As such, when taking out an application under the GIA, it would be best to detail the scope of the guardian’s authority in the Originating Summons and the supporting affidavit so that each party to the matter is aware of their respective rights and obligations. Some examples of the scope of a guardian’s authority include making decisions on the child’s school enrolment and medical needs.
When is the Court empowered to appoint guardians?
The Court’s intervention for the appointment of a guardian are expressly provided in the GIA as follows: -
- Pursuant to Section 6(3) of the GIA, where the child has no parent, the Court may appoint the applicant if he/she is able to show he/she is a suitable guardian for the child;
- Pursuant to Section 10 of the GIA, another guardian may be appointed to replace a guardian.
The Honourable Justice Debbie Ong highlighted in VET v VEU that “the law firmly holds parents to their fundamental obligations to discharge their parental responsibility to their children”. The Court’s intervention is only justified when parents fail gravely in their parental responsibility.
Can I, a parent of my child make any formal arrangements for the care of my child in the event of my demise?
Yes, a guardian can be appointed to replace a parent upon the demise of him/her. Pursuant to Section 7(1) and (2) of the GIA, a parent may by deed or will, appoint any person to be the guardian of the child after his/her death.
What are the rights of the surviving parent to the child?
Pursuant to Section 6 of the GIA, the surviving spouse usually becomes the natural guardian of the child and will act either alone or jointly with any guardian appointed by the other spouse.

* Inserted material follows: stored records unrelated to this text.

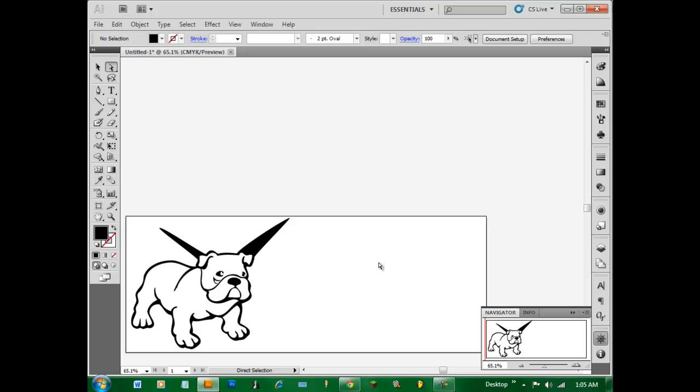So that is how you use the live tracing tool. I can give a more detailed explanation in the future, but for now that's just the basics of it. Thanks for watching guys.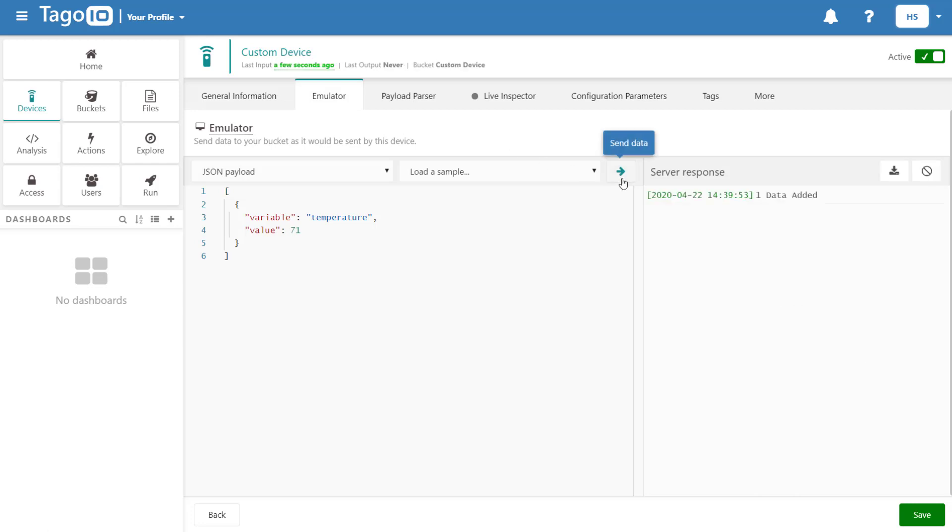If I send this payload with a variable named temperature, it will actually create a temperature variable and add it to our bucket.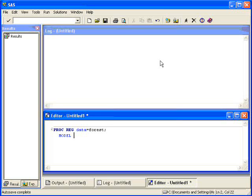We're using the FOREST data set and we wish to relate the height of a tree, put an equal sign. So the height is the dependent variable. On the other side of the equal sign, on the right side, you put the independent variable which is the diameter breast height. Then put a semicolon.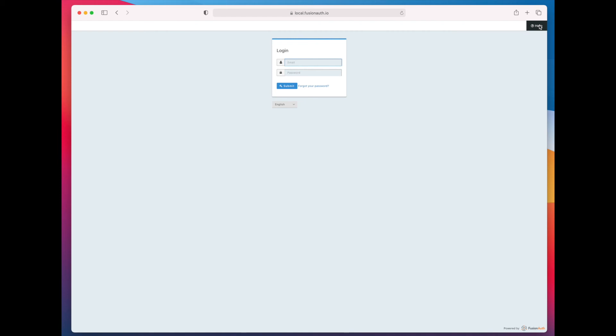Now I'm going to go to the login page. And you can see that there's a drop down that I could use.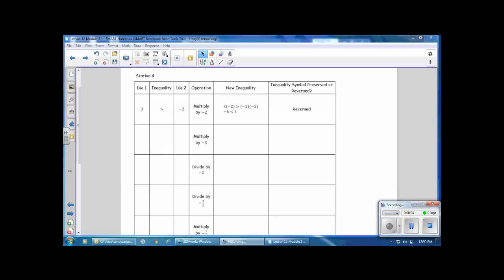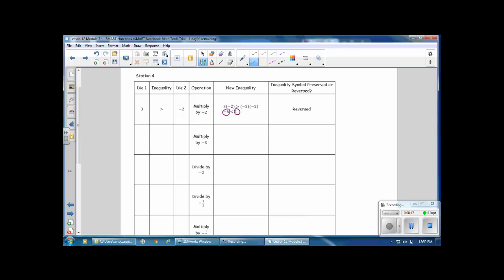At Station 4, we're going to be multiplying and dividing by negative numbers. In the first example, we start with 3 and negative 2 and multiply by negative 2. The resulting inequality is negative 6 is less than 4. While it started out as greater than, when you multiply by a negative number, the symbol needed to be reversed to remain true. In the next problem, the two numbers are 5 and 2 — 5 is greater than 2. We multiply both sides by negative 3, giving us negative 15 and negative 6. Negative 15 is less than negative 6. While the inequality started as greater than, when you multiply by a negative number, you must reverse the symbol.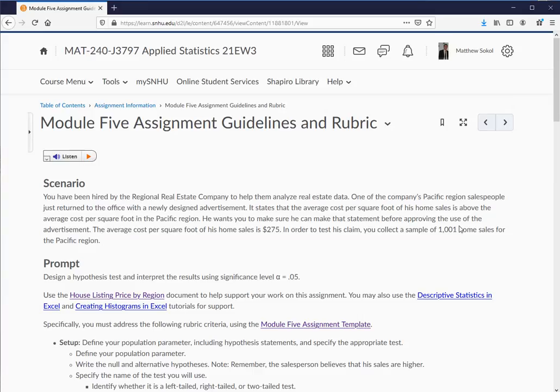Hi class. What I want to do in this video is help get you started on the module 5 assignment. This assignment, unlike the previous assignments where every student developed their own random sample and got different results, this isn't the case here. Each student is given the same random sample, so there's only one correct solution. Unlike my previous videos, I won't be writing a sample report for you, but I want to help you get started because the wording can be a little confusing.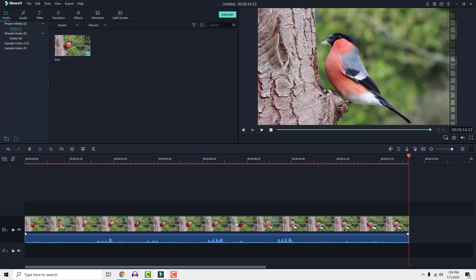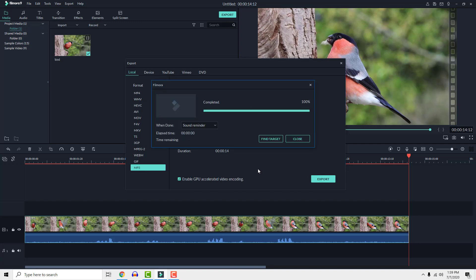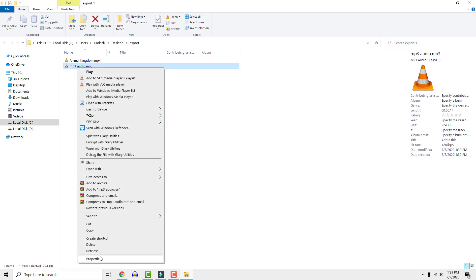To convert video to MP3 audio, all you need to do is go to Export and select MP3 in the format list. After export, you will have your MP3 song from the video. And this is it — a super quick way to convert video to MP3 in Filmora.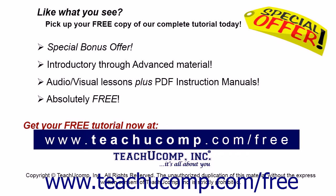Like what you see? Pick up your free copy of the complete tutorial at www.teachucomp.com/free.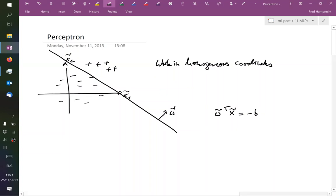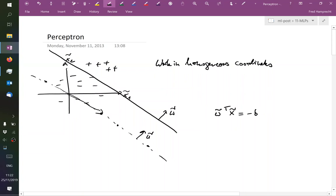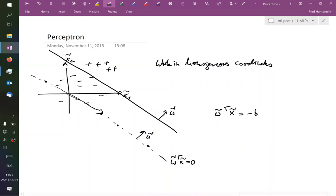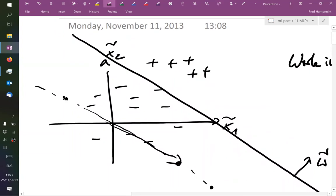So I could write here that this line has a normal vector w̃, and I could say that w̃ᵀ x̃ equals minus b. All vectors x which lie on a line through the origin are orthogonal to the normal vector w̃, so for that line w̃ᵀ x̃ equals zero. But if I want the line not to go through the origin but to have some distance b, and if the normal vector w̃ has length one, then this distance is precisely b.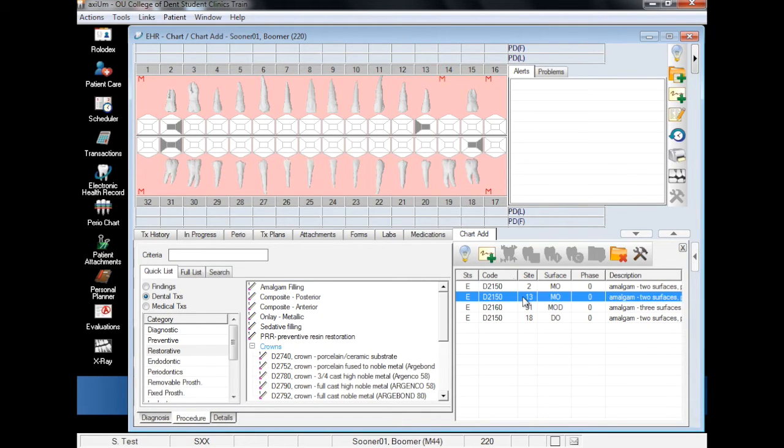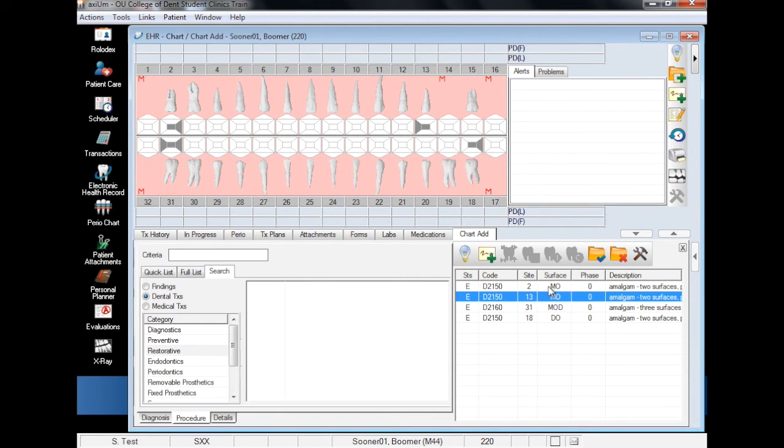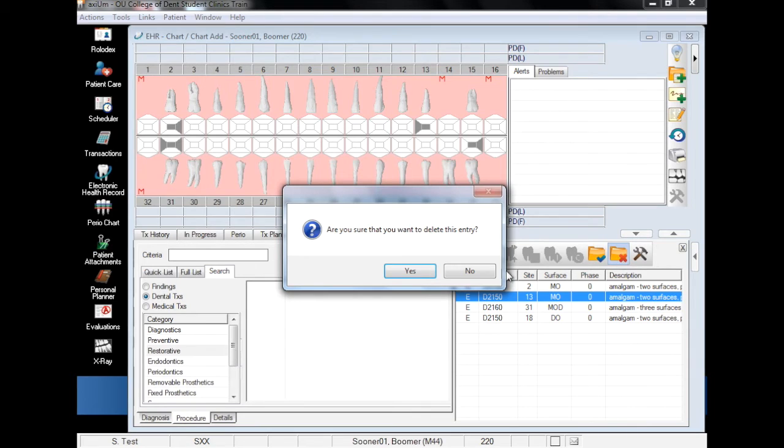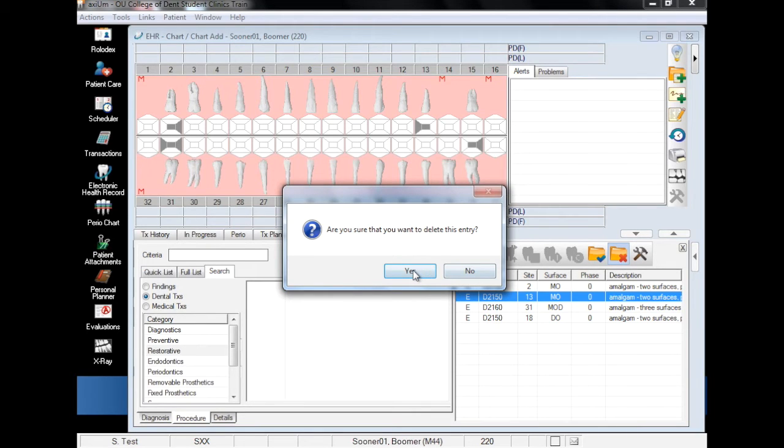If a tooth has been added in error, you can simply select the tooth from the findings list and click the folder with the red X. The tooth will be removed from the list and the restorations will be removed from the Odontogram.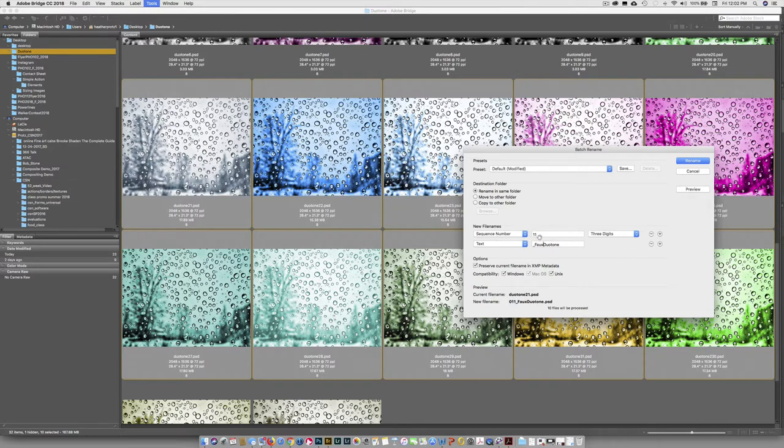And our sequence number, it's going to start at 11. You could start it back to zero. But I'm going to do 11 so I have my 20. Okay. And we're going to do a Rename.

If no guardian has been appointed on the death of one spouse, the Court has the power to appoint who they deem fit as guardian to jointly act with the other spouse.
What happens if I, the parent of the child, cannot agree with the formally appointed joint guardian of the child?
In the event there is a dispute between joint guardians, one of the guardians will have to consider taking out a Court application seeking the Court’s directions.
Pursuant to Section 8 of the GIA, the Court is empowered to make orders on issues in relation to the child’s custody, care and control, access and maintenance. The Court may also vary or discharge any previous Court Orders made under the GIA.
In determining issues in relation to the child’s custody, care and control and access, the Court will have to give regard to the child’s welfare.
In determining issues in relation to the child’s maintenance, the Court will have to give regard to the ability of the child’s parents.